What Do the Network Operators Think About IoT?

In my blog yesterday, I talked about what operators thought about vCPE and how their views and the demographics of the service market could impact an NFV vision driven by service chaining.  I also had a chance to talk with the same operators about the Internet of Things, and I think their views in that area are at least as interesting.  Most interesting, perhaps, are some of the preconceptions they hold, or at least profess to hold.

The most important question about IoT, as it is for anything else in the tech space, is how the business case will be made.  What do operators think?  Dive through their views and it comes down to “LSODDI”, meaning “Let Some Other Dude Do It.”  You could say that some think IoT will simply happen, and that others think it will emerge as OTT-like players enter the space.  Virtually none of the operators think that they, meaning the network operators, will be the ones driving it.

This interesting view may explain why operators are so focused on the connection side of IoT.  If IoT is going to happen automatically, all they really do need to do is to sit back and let the 4/5G connection revenue roll in.  I don’t have to tell you, I’m sure, how illogical and destructive I think this particular view is, but in a sense it’s not surprising.

The most significant phenomena in networking in modern times was the Internet, which created a residential data application that transformed residential communications, and eventually just about everything.  The Internet sprung up on its own, essentially, independent of any operator support and exploiting only the connection services then available.  Operators then developed Internet access to suit the emerging market.  Why not think that would work with IoT?

Good question, in many regards.  Could a Google or Microsoft or Amazon be the genesis of the new IoT wave?  All of these companies have IoT initiatives, but you can see that they’re mostly focused on supporting someone else’s IoT applications rather than developing their own IoT framework (at least for now).  So who do operators think will drive things, if they aren’t going to do it?

About a third think that the current OTT giants I just named will be the IoT giants.  Another third think that there will be some new startup wave, a kind of social-media-like explosion.  The final third admit they don’t know who will do it, but they’re confident somebody will and that they’ll know IoT when they see it happen.

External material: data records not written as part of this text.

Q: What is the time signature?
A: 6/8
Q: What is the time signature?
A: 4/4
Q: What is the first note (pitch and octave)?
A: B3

So could this work?  It depends on a lot of undependable factors that all net out to the question of whether IoT is more like OTT, or more like the old Bell System.

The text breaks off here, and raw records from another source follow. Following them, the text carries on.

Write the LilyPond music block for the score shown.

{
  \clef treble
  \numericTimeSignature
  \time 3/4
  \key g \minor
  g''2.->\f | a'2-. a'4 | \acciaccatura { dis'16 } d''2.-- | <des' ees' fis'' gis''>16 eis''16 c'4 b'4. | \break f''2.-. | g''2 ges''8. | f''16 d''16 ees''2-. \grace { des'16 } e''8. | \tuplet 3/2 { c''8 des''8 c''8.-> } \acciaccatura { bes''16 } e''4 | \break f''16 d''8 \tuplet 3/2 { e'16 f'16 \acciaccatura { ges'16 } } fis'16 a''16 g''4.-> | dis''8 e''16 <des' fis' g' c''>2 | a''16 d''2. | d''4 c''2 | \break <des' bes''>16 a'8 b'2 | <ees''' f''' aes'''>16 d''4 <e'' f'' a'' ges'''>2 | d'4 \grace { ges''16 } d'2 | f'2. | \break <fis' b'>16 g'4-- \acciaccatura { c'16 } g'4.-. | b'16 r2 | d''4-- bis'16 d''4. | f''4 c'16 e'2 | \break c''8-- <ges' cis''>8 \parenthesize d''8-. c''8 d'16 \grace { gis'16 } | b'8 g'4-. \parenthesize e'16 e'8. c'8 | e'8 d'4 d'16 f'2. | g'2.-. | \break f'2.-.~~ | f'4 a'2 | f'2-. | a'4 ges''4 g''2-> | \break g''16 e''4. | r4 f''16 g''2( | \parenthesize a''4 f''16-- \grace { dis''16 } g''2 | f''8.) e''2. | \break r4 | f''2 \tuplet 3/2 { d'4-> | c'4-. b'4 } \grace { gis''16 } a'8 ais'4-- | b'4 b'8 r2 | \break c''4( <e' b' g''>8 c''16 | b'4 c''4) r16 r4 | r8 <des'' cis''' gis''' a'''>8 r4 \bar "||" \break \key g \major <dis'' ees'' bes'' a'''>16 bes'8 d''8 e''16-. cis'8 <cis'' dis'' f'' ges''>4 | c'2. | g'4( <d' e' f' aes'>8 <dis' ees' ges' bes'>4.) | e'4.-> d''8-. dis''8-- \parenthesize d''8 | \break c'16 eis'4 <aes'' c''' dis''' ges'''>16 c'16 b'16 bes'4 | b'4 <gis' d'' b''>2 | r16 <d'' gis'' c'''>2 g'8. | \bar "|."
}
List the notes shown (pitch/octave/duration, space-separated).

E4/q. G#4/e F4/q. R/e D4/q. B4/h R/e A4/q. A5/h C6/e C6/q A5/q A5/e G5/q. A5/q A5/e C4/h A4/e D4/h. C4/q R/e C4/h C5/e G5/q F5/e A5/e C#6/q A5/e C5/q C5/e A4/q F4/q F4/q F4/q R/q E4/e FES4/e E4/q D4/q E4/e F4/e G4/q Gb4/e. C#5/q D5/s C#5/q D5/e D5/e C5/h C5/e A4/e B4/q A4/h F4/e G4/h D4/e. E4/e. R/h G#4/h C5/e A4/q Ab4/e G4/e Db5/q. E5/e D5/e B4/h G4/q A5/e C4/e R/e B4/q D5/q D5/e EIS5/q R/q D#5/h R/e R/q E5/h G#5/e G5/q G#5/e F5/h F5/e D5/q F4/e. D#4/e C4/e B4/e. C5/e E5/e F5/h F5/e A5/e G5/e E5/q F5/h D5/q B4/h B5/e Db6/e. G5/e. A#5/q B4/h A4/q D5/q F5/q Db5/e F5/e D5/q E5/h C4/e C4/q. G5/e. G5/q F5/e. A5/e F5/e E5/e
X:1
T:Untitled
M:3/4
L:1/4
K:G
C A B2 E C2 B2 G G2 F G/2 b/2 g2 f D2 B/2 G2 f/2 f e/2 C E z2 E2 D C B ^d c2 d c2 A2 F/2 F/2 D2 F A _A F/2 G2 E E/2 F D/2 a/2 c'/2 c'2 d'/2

The big challenge with IoT versus the original Internet is the lack of a single, clear, technology core concept.  The Internet was created not by a network at all, but by HTML.  There was an Internet before anything we’d recognize as one, and it was consumerized by the notion of the web, which was based on HTML.  A simple HTML engine—a browser—makes anyone capable of rendering pretty pages, and with that we were off.  What is the simple centerpiece of IoT?

The next challenge is a massive ecosystemic dependence.  For IoT to work you need a huge collection of sensors and controllers, networking to connect them, applications to exploit them, security and compliance, and partners—all of which means an enormously complicated business case.  Anyone who wanted to put a server behind a bank of modems could have created an Internet of One.  By nature, IoT is more complicated.

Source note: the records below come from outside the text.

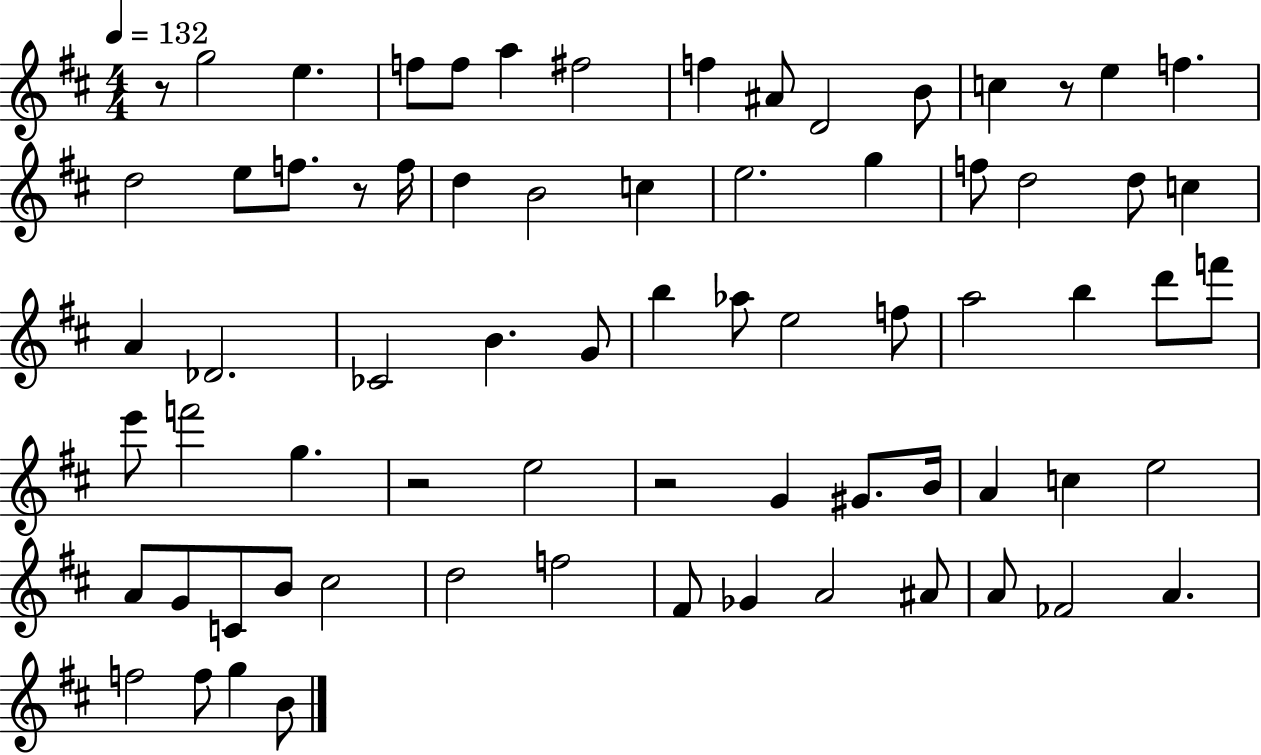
R/e G5/h E5/q. F5/e F5/e A5/q F#5/h F5/q A#4/e D4/h B4/e C5/q R/e E5/q F5/q. D5/h E5/e F5/e. R/e F5/s D5/q B4/h C5/q E5/h. G5/q F5/e D5/h D5/e C5/q A4/q Db4/h. CES4/h B4/q. G4/e B5/q Ab5/e E5/h F5/e A5/h B5/q D6/e F6/e E6/e F6/h G5/q. R/h E5/h R/h G4/q G#4/e. B4/s A4/q C5/q E5/h A4/e G4/e C4/e B4/e C#5/h D5/h F5/h F#4/e Gb4/q A4/h A#4/e A4/e FES4/h A4/q. F5/h F5/e G5/q B4/e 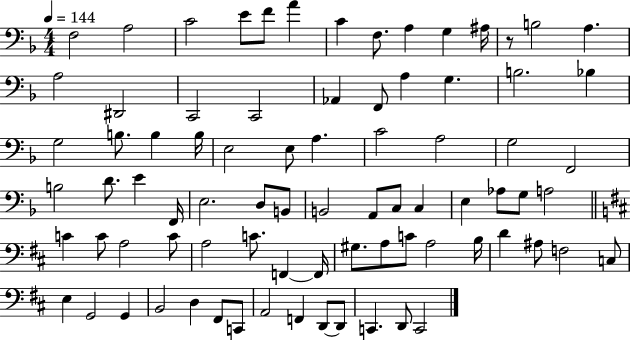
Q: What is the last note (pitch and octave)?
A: C2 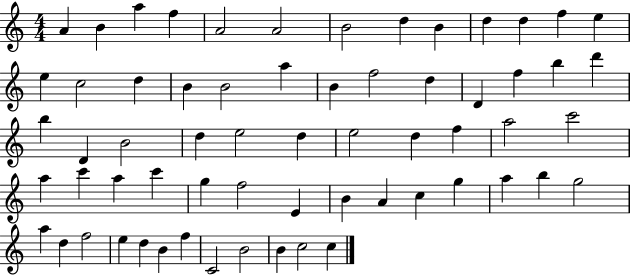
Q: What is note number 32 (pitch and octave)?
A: D5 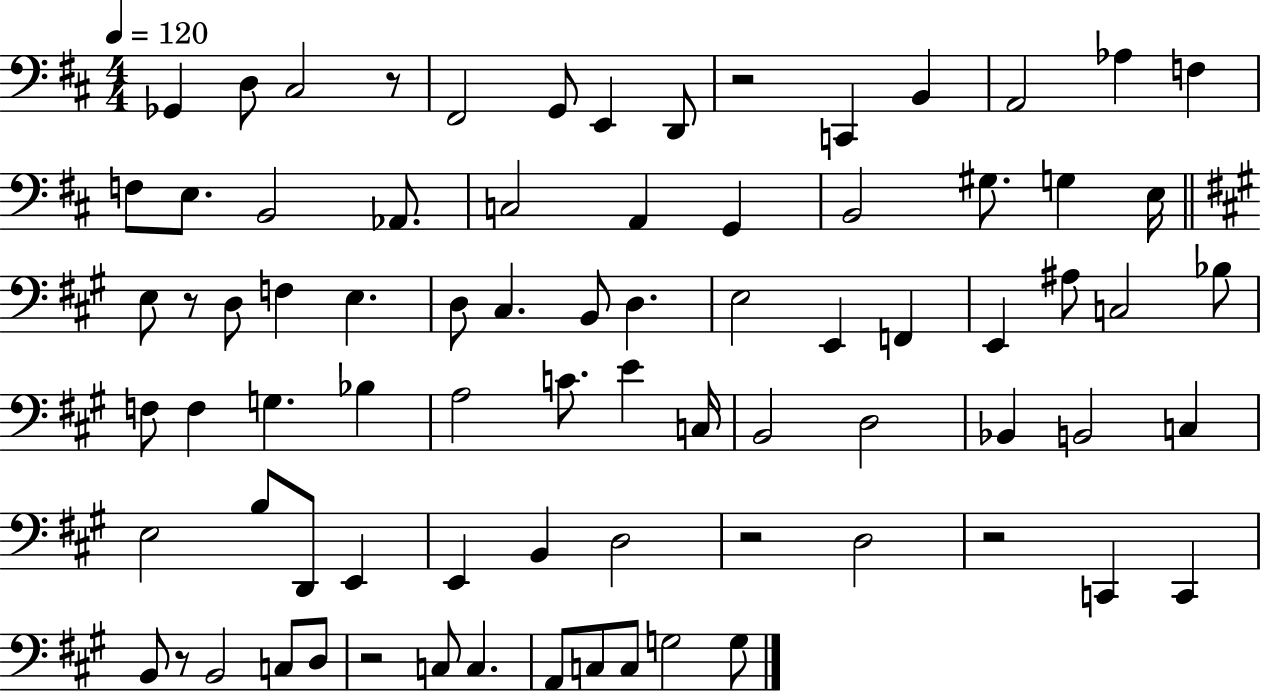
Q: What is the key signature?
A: D major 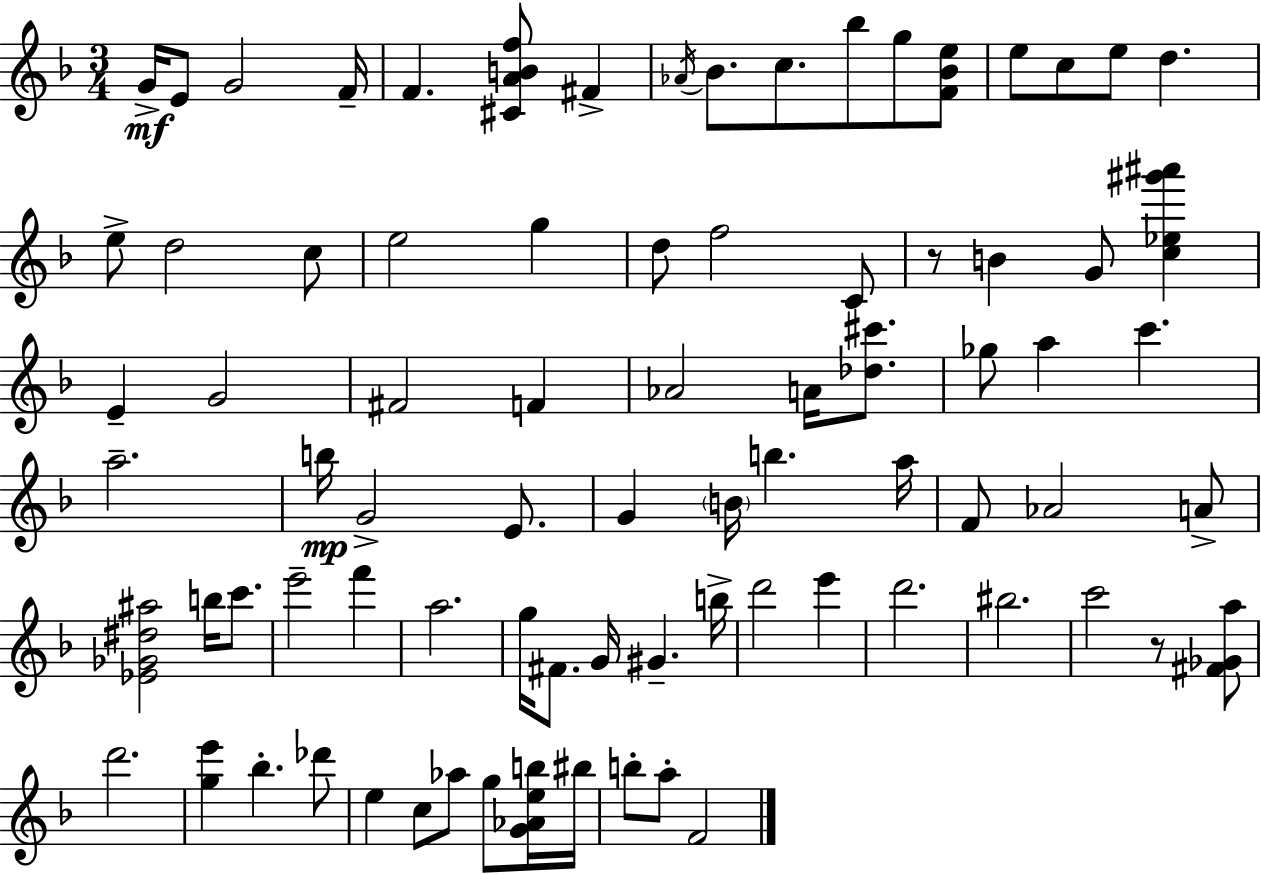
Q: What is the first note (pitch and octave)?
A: G4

Complicated, but this may be the core of what operators think will happen.  Most operators with IoT aspirations are supporting IoT with developer communities, which is the classic strategy for building co-dependencies.  Sadly, most of these communities are focused around managing the connection side of IoT, which apparently is about all the operators can visualize.  Is that true?  Do they see the rest?

No, not much.  The majority of operators actually do see IoT as the media describes it.  There are a zillion sensors and controllers on the Internet, each with a spanking new 4/5G radio (when you ask who’s paying for this, they have only vague answers).  People write applications to exploit the data, sell the applications, and oh yes, pay the “thing-phone-bills.”

You’d think that if anyone believed that IoT was “Bell-like” it would be the telcos, but comments from operators suggest that they’ve become used to the notion that regulations aren’t a way of protecting investment but rather a way of putting it at risk.  Even those who think that another regulated monopoly is the way to go (they exist, but in a decided minority) don’t think there’s any chance that the government would take that kind of action today.

Absent regulated monopolies of some sort, I don’t think any party would invest in open sensors in the quantity needed to drive IoT forward.  There would be a way, though.  All you have to do is forget the notion of sensors on the Internet and move to the notion of “virtual” sensors online.  If we leveraged the vast number of sensor/controller devices out there, selectively posting their data under the proper level of social control, we could build a community of information large enough to drive an OTT-like opportunity.  But then we get rid of all those lovely-to-the-operator “thing-phone-bills”.

In my view, operators are stuck in an IoT dilemma of their own making.  On the one hand, they want to collect new revenue from wireless attachment of “things”.  On the other hand, they don’t want to drive “thing” deployment even though, financially speaking, it would be easier for them to do that given their public-utility roots.

What this suggests to me is that despite the promise of IoT, realization is likely to be delayed because of a lack of a sensible way of moving forward, a way that deals realistically with the investments and risks that IoT will pose.  And when it does move, it will likely be driven by a non-operator player or players, and operators will then complain about being “disintermediated.”  This time, at least, they’ve had plenty of warning and a direct example from their past OTT experiences, and they’ll have no one to blame but themselves.